I let people down too. I valued honesty on the surface but deep down my inner child laughed at this concept. The world is unsafe she said to me. People will abandon you, they will dismiss you, you need to act a certain way in order to keep people in your life and on your side. Due to this childhood trauma around my fear, I developed the belief that people only liked me for what I could do for them in their lives. I had no money or nice things. I did, however, have a real knack for helping people with their personal problems. I was an excellent shoulder to cry on and ear to listen. I became the resident Agony Aunt. Good thing I love this role, in fact I chose to make this my profession. The problem was though, I never felt as if people liked me for me. In certain friendships and many romantic relationships, this was certainly the case. This was one of the hardest realisations I have had to face up to. The more I learn about myself,the more I realise that people couldn't have liked me for me because the real me was very lost. I didn't even know who I was outside of my practical identity (student, daughter, female, loves cats, has a sense of humour etc). The fear was so ingrained and I was so conditioned to act a certain way or I feared I would be ostracised or lose my sense of belonging in the world. It felt like the only person I could truly rely on in the world was myself. I struggled to trust anyone and still do if I am to be honest. I find it very hard to let people truly help me, especially emotionally. 

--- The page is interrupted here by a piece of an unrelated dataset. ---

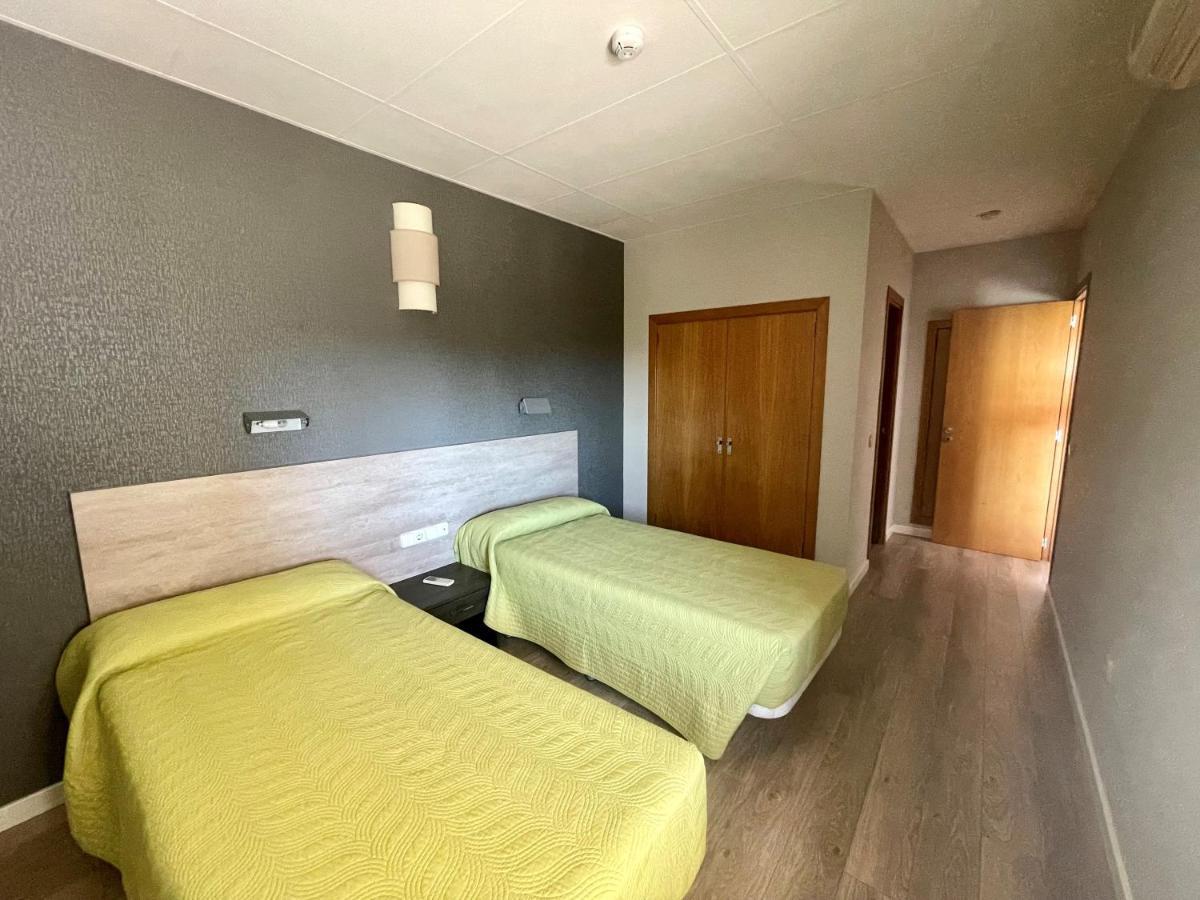 Costablanca Explore Hostel Sports & Events La Marina Luaran gambar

Fear is not and has never been the enemy:


I have called this blog 'My Evolving Relationship with Fear' because my understanding of my fear is continuously evolving and transforming. If I had to go into all my childhood issues we would be here for a year. From fear of the dark to fear of snakes to fear of being alone...I had many. We all do. Children are experiencing the world for the first time and fear is a natural part of this. Fear is not a bad emotion at all. Our reactions and resistances to fear are what cause us hardship and struggle. It is our experience in the world that determines what we find threatening and frightening. The less we are attended to emotionally, the more we will struggle to feel safe in the world. The more our emotional needs are not met, the less skills we will have to cope with life's challenges and the less self esteem and self trust we will have.

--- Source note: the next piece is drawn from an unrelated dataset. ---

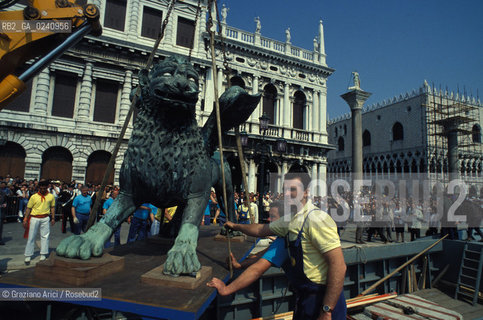 Venezia,1990.Trasporto e arrivo del Leone di San Marco restaurato in Piazza San Marco. Leone San Marco Piazza restauro.Venice,1990. Transportation and arrival of the St Mark Lion after the restoration in Saint Marks Square ©Graziano Arici/Rosebud2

One thing I have recently thought about is my fear around very real danger. Living in South Africa with an extremely high crime rate means that safety is a very physical reality to this day. My house was not very safe and we didn't have much security in place. My mother had a responsibility to keep me physically safe and in this area she was unable to, predominantly for financial reasons. I lived with a high level of genuine and relevant Anxiety on a daily basis and in the end, my worst fear came true and my mother was murdered in our home. One could argue that the fact that my mother dismissed my fears and ignored her own had tragic consequences. Fear is often there to alert us to harm and danger. That is how it has been designed. As a child we are powerless to gain control in terms of our living environment. This feeling of powerlessness is where the link to shame comes in.

Emotions are here to benefit us, not make us suffer!


We become so cut off from our difficult emotions that we lose touch with the benefits of them. We turn off our internal guidance system that is really the basis of our authenticity. We cannot be our true selves without having a relationship with our emotions. We can't pick and choose what emotions we feel, this creates a mask that will end up making us sick and impacting our relationships. Most importantly though, we cannot have a positive relationship with ourselves and who we genuinely are without having a relationship with our emotions.
Most of the time we are really fearing the shadows from our past!